4 thoughts on “Bernanke calls for a 4% inflation target

  1. Go on, say it: Inflation will run away, USA can't afford future debt burden and only option will be to default on foreign payments. Chinese, Japanese and Saudis need to wake up.

  2. I don't know how many times the US authorities have managed to inflate their way out of trouble with deficits in the past and dump the consequences on others – the poor and foreigners.

    I cannot see this as a durable or equitable solution this time. It is time a global debate took place on the issues of control of population, distribution of wealth and an economic model that is inclusive of all of working age. Without such the chances of revolution will increase – we don't want that.

    The world at large is being distanced more and more from inclusion by dubious economics.

  3. The real frightener is that "50% of the US Treasury market matures in the next 3 years"! Jim – how much is that on top of the defecit funded by additional Treasury sales?
    If they can "con" the market into expecting Japanese yields on Treasuries and start funding further up the yield curve (notice how the 30 year got a reprive this week when everyone thought the "QE2" announcement excluded it – indeed it was absent but they have been making it up as they go along for some time now…) they could park  a fair lump of debt out there at a very low yield and then of course they'd have to find something else to worry about!
    There is a technical term for this of course – FUBAR

  4. Bernanke likes to remind everyone that he is an expert on the great depression and knows how to prevent it from happening again in the US. Apparently he is also an expert on Japan and its struggle with chronic deflation following its housing bubble in the 1980's. In fact Bernanke wrote an article in 2000 titled "Japanese Monetary Policy: A Case of Self-Induced Paralysis," where he goes on to lecture BOJ officials about what they could and should have done differently in order to to avoid a deflationary outcome.
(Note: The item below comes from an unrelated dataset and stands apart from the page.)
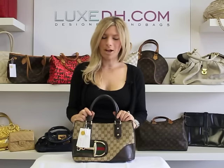Hello, I'm Sabina, the Chief Authenticator for LuxDH.com, and today I'm going to be giving you some tips on how to authenticate a Gucci handbag.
He goes on to postulate that the BOJ was not trying hard enough to stimulate the economy and that 0% interest rates are just one tool to beat deflation. The Fed Chairmen even goes so far as to assert that he knows how to escape a liquidity trap caused by 0% interest rates. The reason I bring this up is because it gives people a good idea of what Bernanke's next move may be. The US is dangerously close to falling into the dreaded "liquidity trap" as deflation takes hold and monetary policy loses its effectiveness.